If you are using heat to melt the letters, cutting the outline of the pattern into the foam helps with the burn process. The cuts help keep the melting foam from spreading too far and ruining the look of your font. It helps to practice this technique on some scrap pieces of foam.


----------



## Zombie-F

This thread is immensely helpful as (can you believe it) I'm about to carve my first epitaph after nearly 10 years of haunting! Most of my stones are store-bought and it's about time I start retiring those ones and making my own. 

Thanks for all the input everybody.


----------



## kevin242

My site has a step by step tutorial for making and engraving foam tombstones: http://www.fulcrumsites.com/haunt/html/foam_tombstones.html










I've used every technique from woodburners to xacto blades and this is my prefered method. Great feedback and examples everyone!

Hope this helps.


----------



## pagan

found this at another forum.. I watched the tea staining video and it was very good, I havent seen the "making" vid yet.

The tea staining technique produces a very nice result!

http://www.halloweenforum.com/tutorials-step-step/88906-building-halloween-tombstones.html

this looks like a cool technique as well 
http://www.halloweenforum.com/tutorials-step-step/68179-easy-tombstones.html


----------



## trentsketch

I cheat. I don't carve the letters out on mine. I use raised foam stickers in block-letter styles (Michaels has a particularly good font called Varsity) and other dimensional elements for decoration (foam crosses, clearance fake plants, woodcuts). 

So, I prime, seal, and basecoat the stone, stick on the foam stickers (just with their sticky backs), glue on dimensional elements, and add a second basecoat. Then, I pour a light coating of sand all over the wet paint and let it dry. A quick third basecoat, some marbling with darker and lighter grays, and some water-damage painting and I'm done. Tombstones with neat lettering and decorations without relying on my shaky hands.


----------



## RoxyBlue

trentsketch said:


> I cheat. I don't carve the letters out on mine. I use raised foam stickers in block-letter styles (Michaels has a particularly good font called Varsity) and other dimensional elements for decoration (foam crosses, clearance fake plants, woodcuts).
> 
> So, I prime, seal, and basecoat the stone, stick on the foam stickers (just with their sticky backs), glue on dimensional elements, and add a second basecoat. Then, I pour a light coating of sand all over the wet paint and let it dry. A quick third basecoat, some marbling with darker and lighter grays, and some water-damage painting and I'm done. Tombstones with neat lettering and decorations without relying on my shaky hands.

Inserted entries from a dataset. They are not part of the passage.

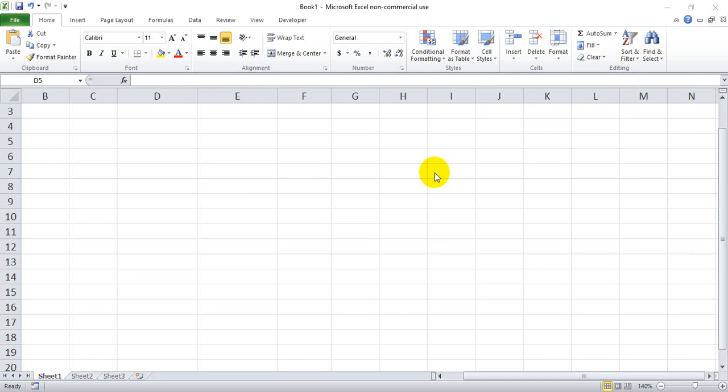If you're looking for a way to determine the remainder of a math problem in Excel, one of the best ways I've found is to use the modulo function, which is shortened to MOD in Excel.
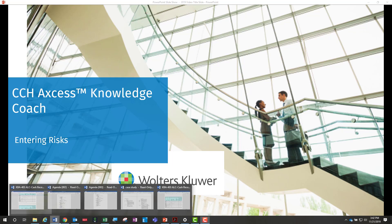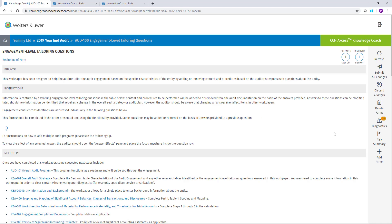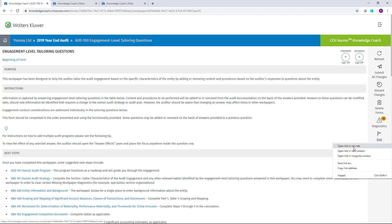To enter a risk once you're inside the engagement, simply use the Risk Summary button on the right-hand side of the screen. The Risk Summary button is available from the engagement home screen and it's also available from inside of any of the Knowledge Coach forms. You can select the Risk Summary button and it will open the Risk pane, or you can also right-click and open the Risk Summary in a new tab.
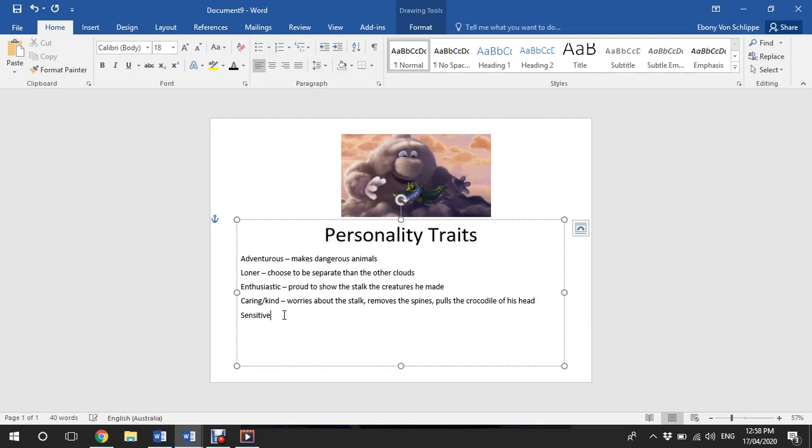And finally, I think this character can be described to be sensitive because he gets quite upset when the stork goes to visit another cloud, and you can see that through the lightning that he produces.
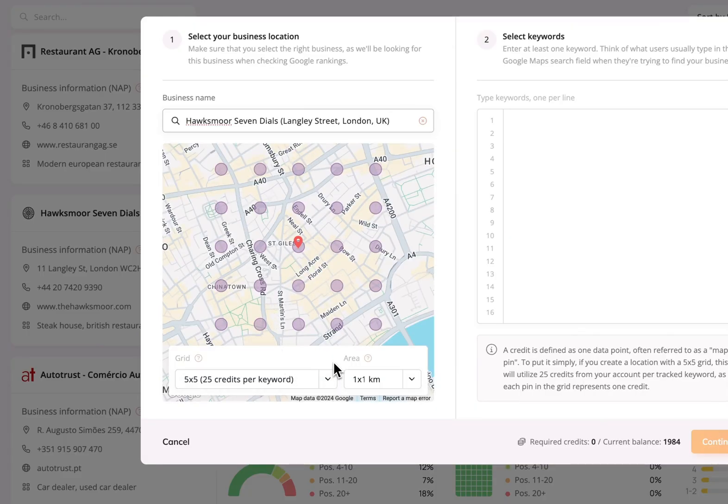The grid size will allow you to select how many pinpoints you want to see on the map. Each pinpoint will tell you the exact position for your business.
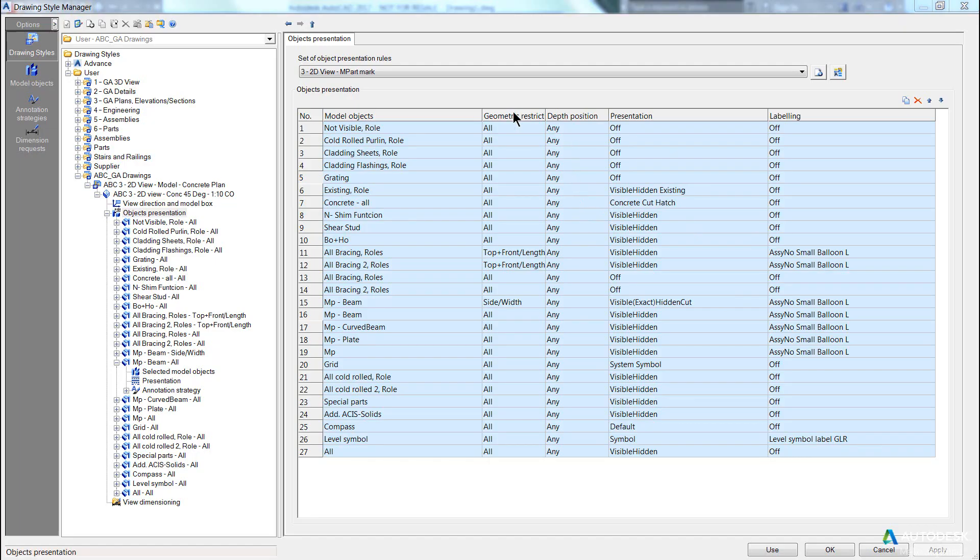So the last column, we're going to skip the middle two columns, but the last column is referring to how that particular object gets labeled. At the moment you can see a lot of them are set to off.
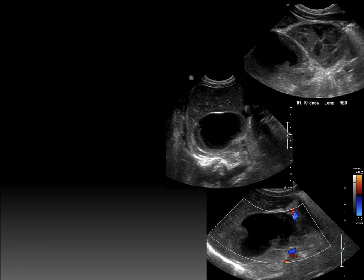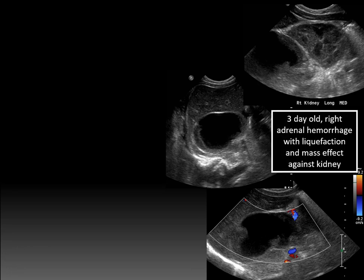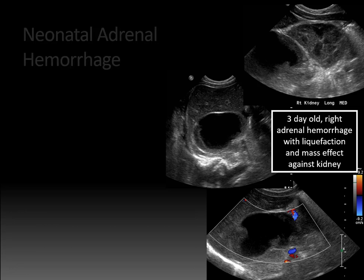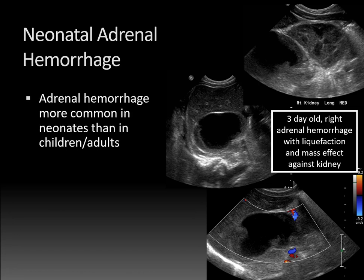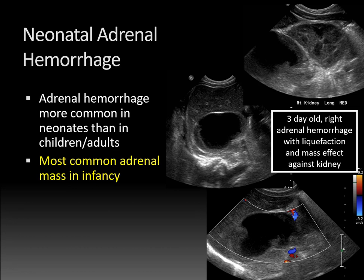A cine clip from that same patient nicely shows in real time the mixed cystic and solid components of that right adrenal hemorrhage — the anechoic black areas correspond to hemorrhage components that are liquefying. Adrenal hemorrhage is actually more common in neonates than in children and adults; it's the most common adrenal mass in infancy, so important to remember. Causes include various neonatal stresses, difficulty with birth, or hypoxia.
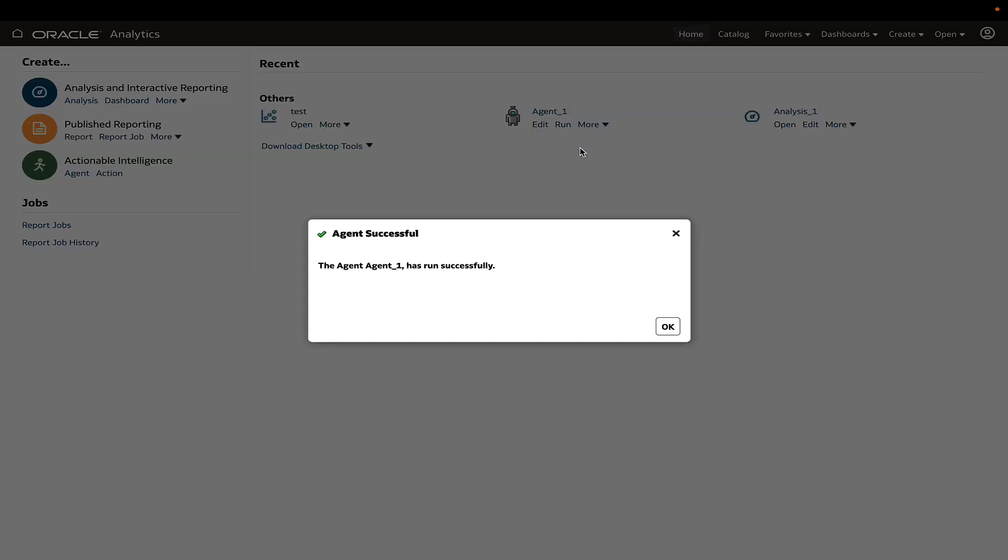This covers the topic on how to address the authentication failure when using OCI SMTP server for sending mails in OAC.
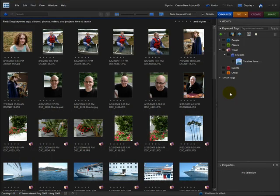People Recognition is one of the great new features of Photoshop Elements 8. It's a little quirky — sometimes you get unexpected results — but it's really fun to use. In fact, it's almost addicting. So let's give it a test run.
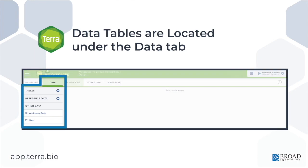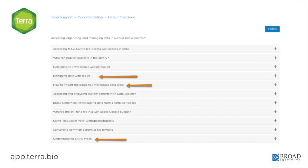You can import metadata here by pressing the plus button and uploading a tab-separated values, or TSV format spreadsheet. Before we do this, let's take a few minutes to familiarize ourselves with the types of data tables used by Terra.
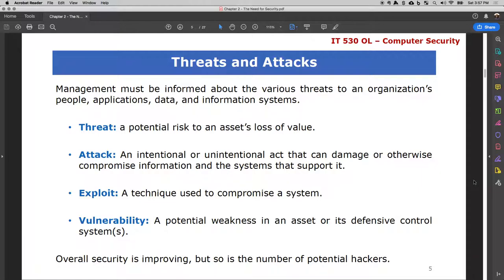Now that we understand what organizations need in terms of information security and why they need to secure it, we are going to look into different threats and types of attacks that can be targeted towards organizations. A threat is the potential risk to an asset — specifically an asset's loss of value.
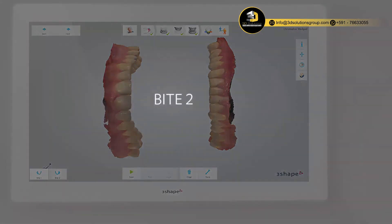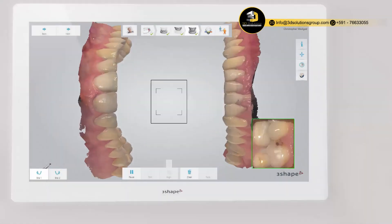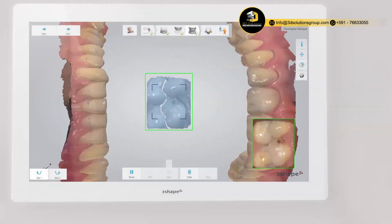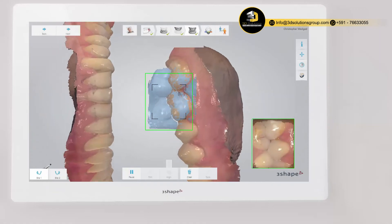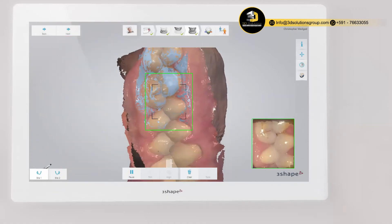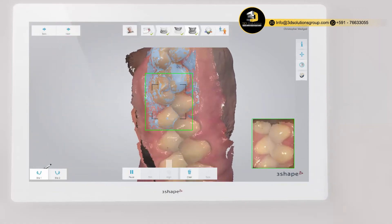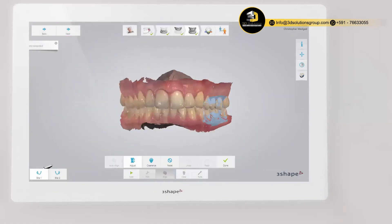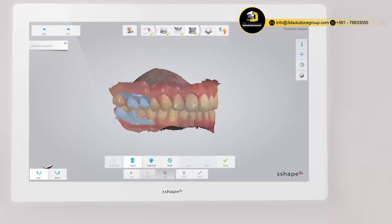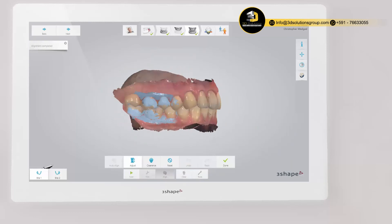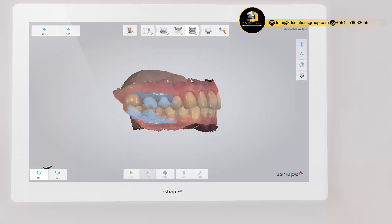Then do the same for the opposite side. When finished, the scans of the upper arch and lower arch are placed in the correct occlusion.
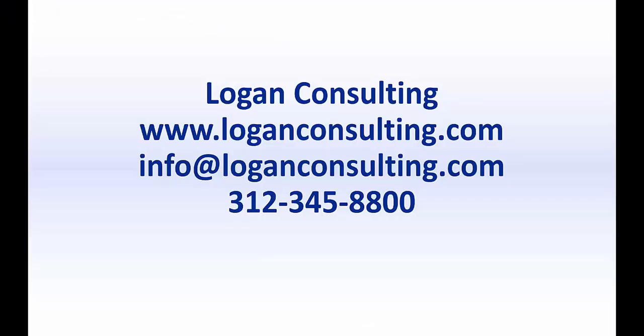For more information, please visit our website at www.loganconsulting.com or contact us via email at info@loganconsulting.com or via phone at 312-345-8800.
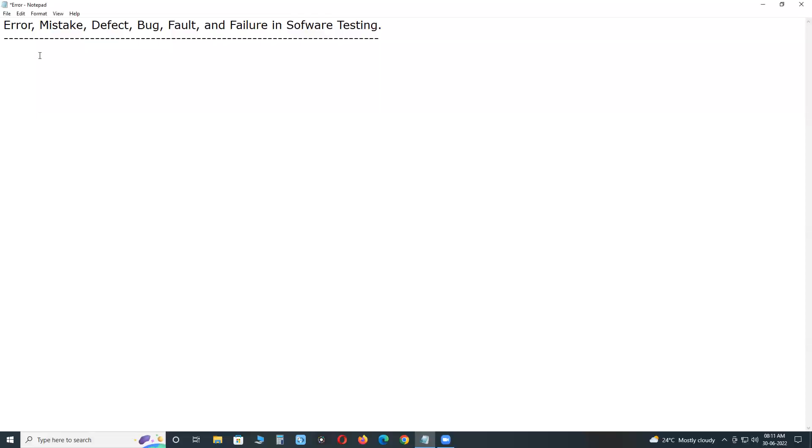Welcome to G3D Technologies. Error, Mistake, Defect, Bug, Fault and Failure in Software Testing.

That's not cheating, that's called being innovative


----------



## jaege

Besides some tombstones should have raised letters. Variety is the spice of un-life.


----------



## pagan

RoxyBlue said:


> That's not cheating, that's called being innovative


The only cheating is sneaking into someone elses yard and taking theirs !!


----------



## niblique71

Here are two tombstones that I'm working on. In fact this thread inspired me to break out the new dremel that I bought 2 months ago and give it a try.










The tombstone on the left is engraved using the dremel. I cut right through the paper printouts of the epitath and skull to achieve this result. I distressed the foam already and it's close to being ready for paint.

The one on the left is my usual "exacto" method. It's also cut through a computer printout. SO far I still prefer my exacto method but with some practice the dremel could be formidable.

To be fair, I chose a simpler font for my first dremel engraving and it seemed to be fairly true to the font when finished. Gonna try Mr C's Hot glue gun technique next.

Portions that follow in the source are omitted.